The five-day buyer mission, organised by the Agricultural Competitveness Programme, aims to significantly strengthen, expand and advance relations between fresh produce buyers from Miami and New York and producers here in Jamaica.

Agriculture, Labour and Social Security Minister Derrick Kellier, who addressed the opening day of the mission at the Jamaica Pegasus Hotel in New Kingston on Tuesday, said there is a huge demand for the country's traditional and non-traditional produce in the US, which is largely unfilled.

"There are some 52 items on the pre-clearance list for the import of agricultural produce into the United States and we are currently only supplying less than a quarter of the items on the list," Kellier pointed out.

He said fresh produce such as yams, dasheens, sweet potatoes, peppers, pumpkins, herbs, spices and nutraceuticals have "serious potential for export".

"These have been the star performers of our export trade and we are just beginning to scratch the surface of the potential they hold," he noted.

Kellier, in welcoming the mission, said the interaction with the buyers/importers will improve the country's ability to increase exports to the US.

He said the visit of the fresh produce importers is a significant step in advancing trade relations between the countries, and to boost the country's exports, in order to reduce the food bill.

He noted that while food imports dropped by some 4.5 per cent or $5 billion in 2014, when compared to 2013, the bill still remains too high.

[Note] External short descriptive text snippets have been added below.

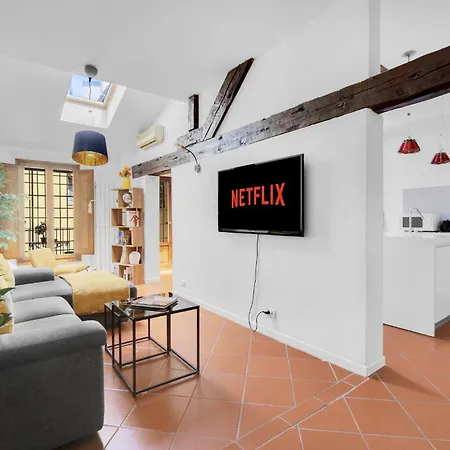 Bright Design House In The Heart Of Appartement *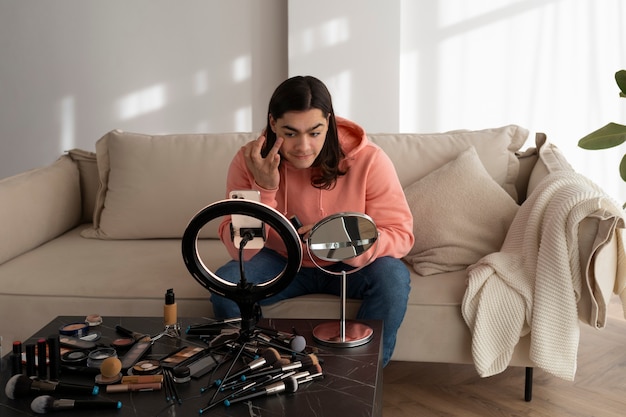 Männlicher Make-up-Künstler, der sich selbst schminkt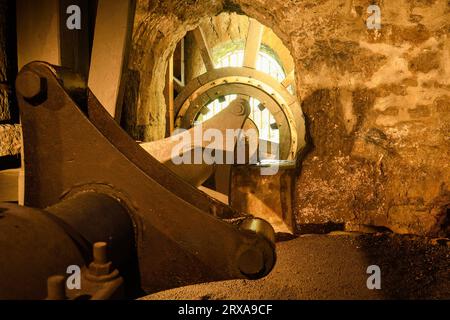 Alte hölzerne Turbine aus der Eisenhütte El Pobal Stockfoto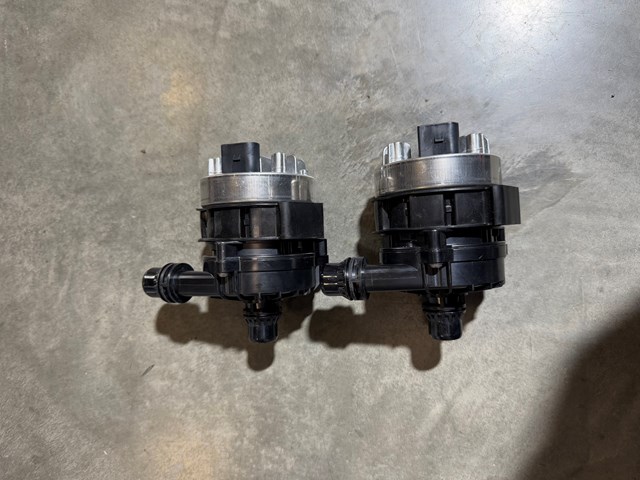 Compre A9075003200 Mercedes Bomba de água (bomba) de esfriamento, adicional elétrica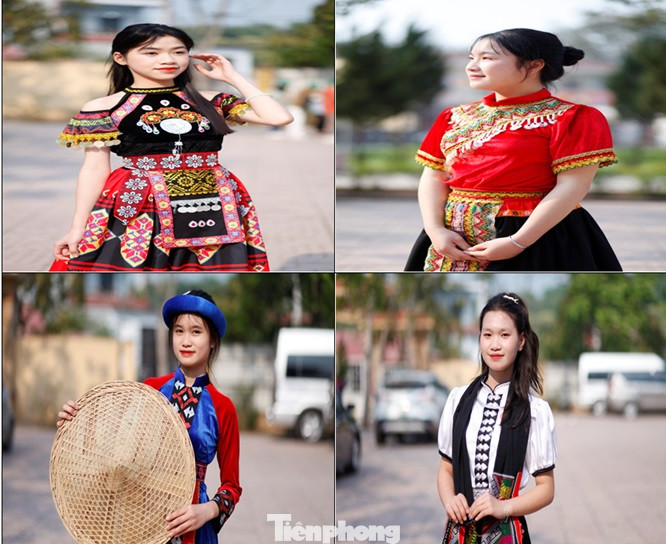 Các bạn học sinh biểu diễn trang phục dân tộc. Ảnh: Nguyễn Thắng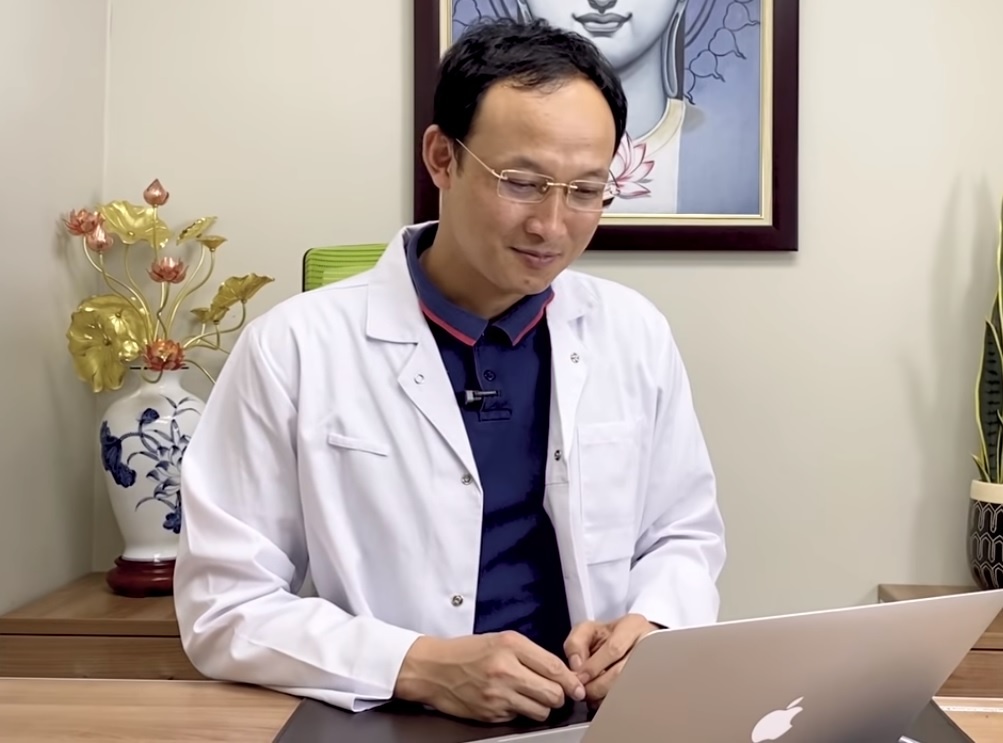 Bac si tu van suc khoe tren mang xa hoi hinh anh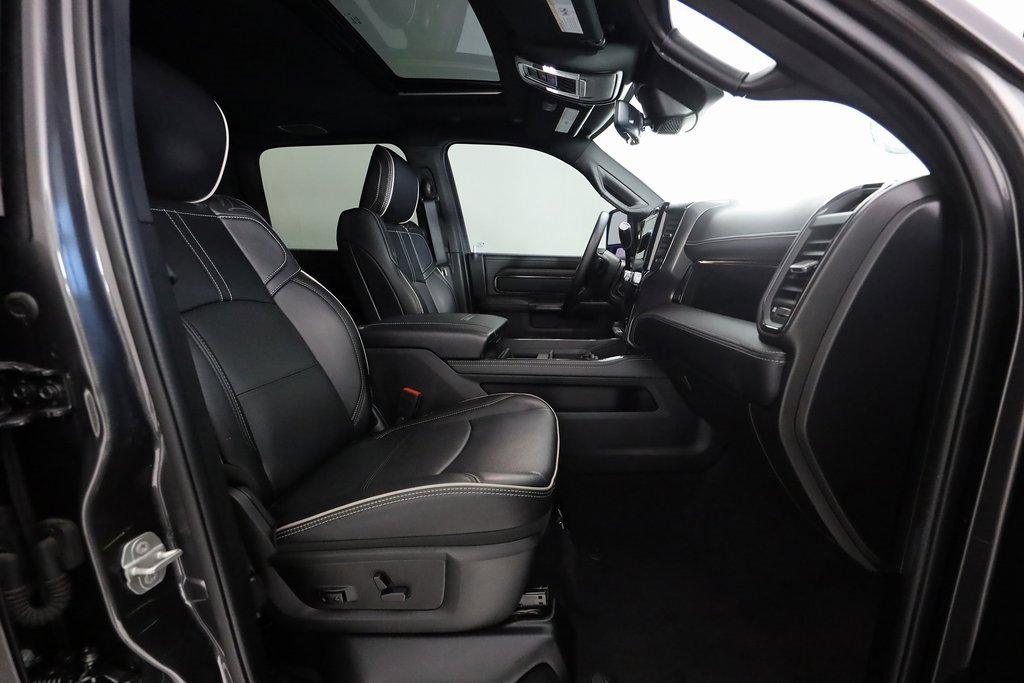 Used 2024 RAM 2500 Limited image 11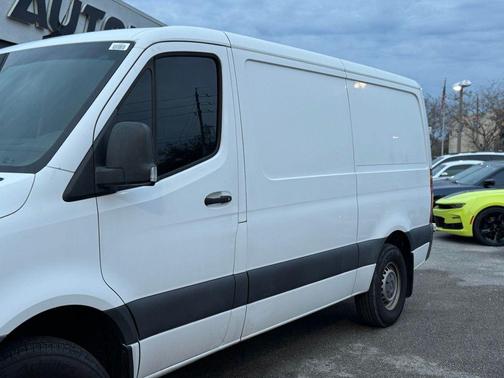 2019 Mercedes-Benz Sprinter 1500 Standard Roof I4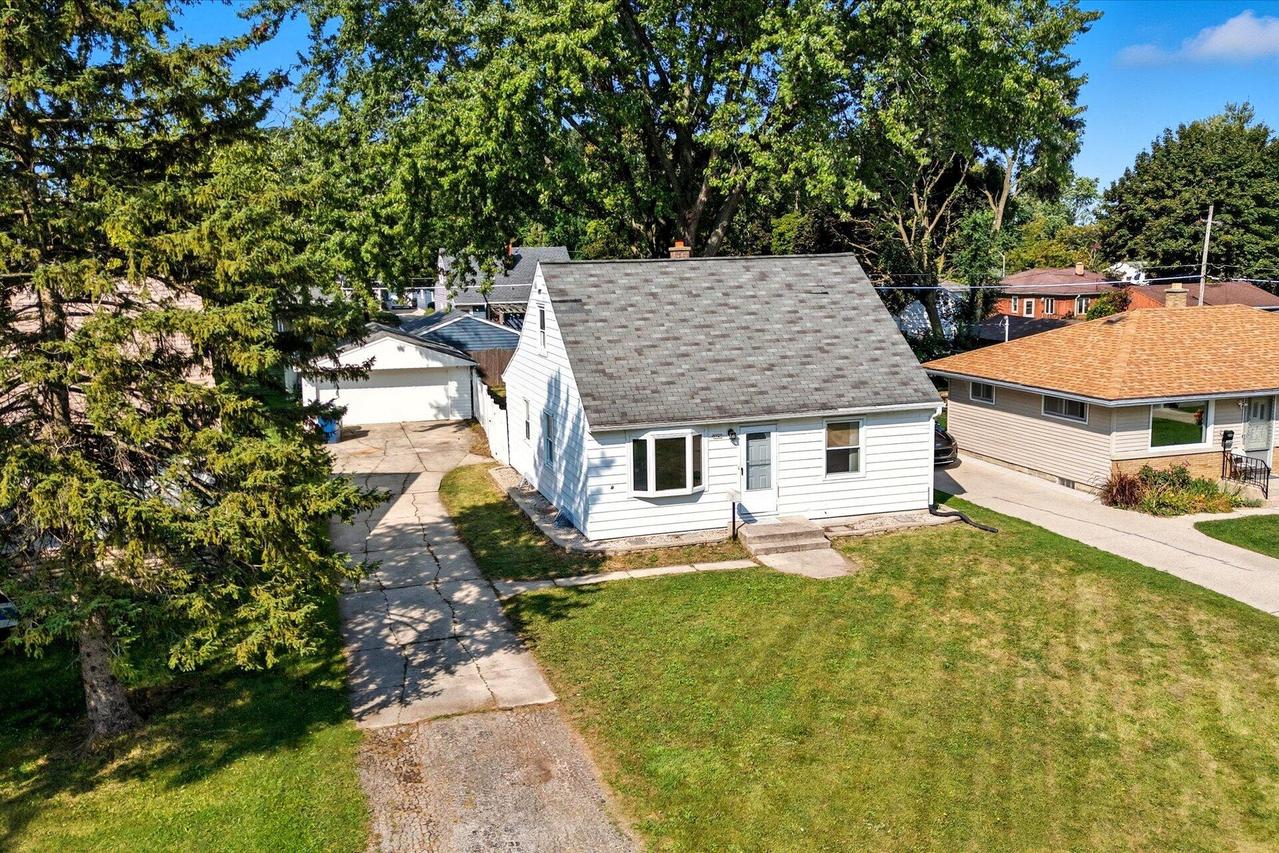 3741 S 47th St, Milwaukee, WI 53220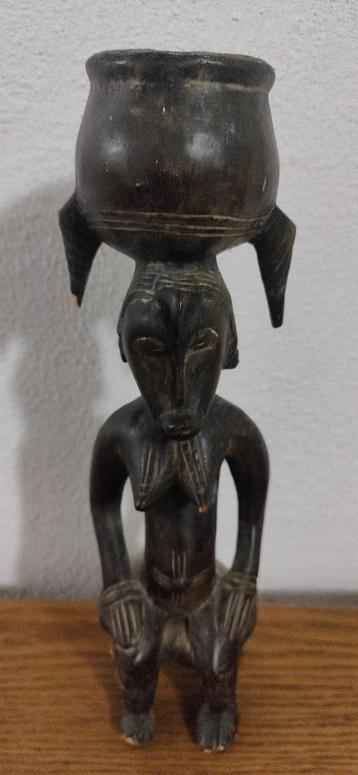 Statuette Sénoufo, Enlèvement ou Envoi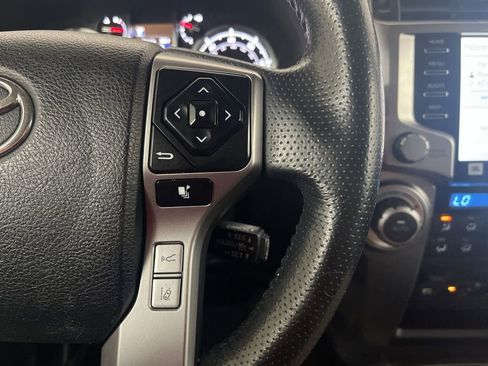 Used 2021 Toyota 4Runner Limited AWD/4WD image 60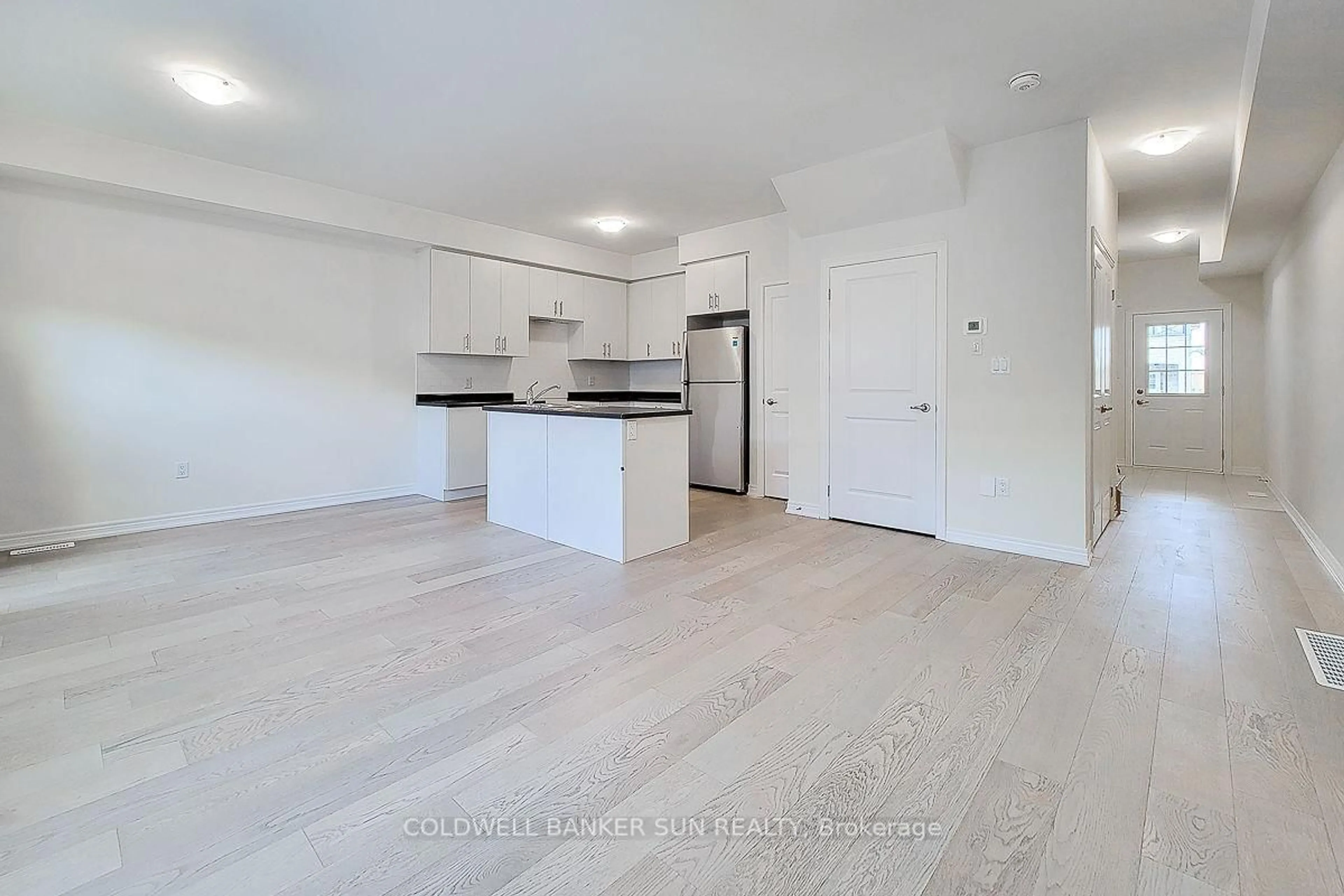 Open concept kitchen, unknown for 82 Pinot Cres, Hamilton Ontario L8E 0J9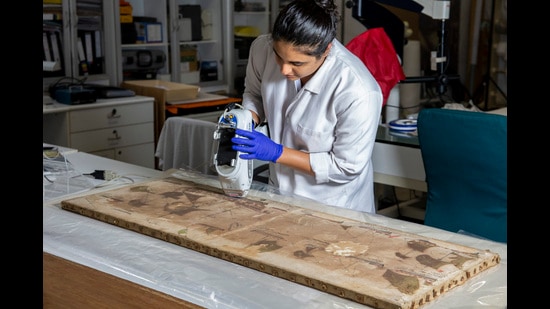 At CSMVS conservators analyse the elemental composition of paintings using handheld XRF. (Trustees of CSMVS) At CSMVS conservators analyse the elemental composition of paintings using handheld XRF. (Trustees of CSMVS)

He said that the ministry, as part of the export push, has increased import substitution through the agro parks programme, and has expanded the export markets for traditional and non-traditional produce.

"These deliberate strategies are aimed at achieving sustainability of the agricultural sector as an integral component of the Jamaican economy and to advance the development of a modern, efficient and internationally competitive agricultural sector," he said.

Kellier said the Agricultural Competitveness Programme is a critical part of the process by improving consistency of supply, increasing certification of produce and direct marketing relationships to enhance competitiveness of the country's produce.

The five-year programme, which got underway in 2010, is being funded by the Inter-American Bank (IDB) at a cost of $15 million.

It is designed to support the Government of Jamaica in restoring competitveness in the agricultural sector, through the implementation of activities aimed at promoting market access by small-and medium-sized farmers.

The three pillars of the programme are: increased production and productivity; improved food safety and global certification mechanisms; and establishment of a vibrant export platform.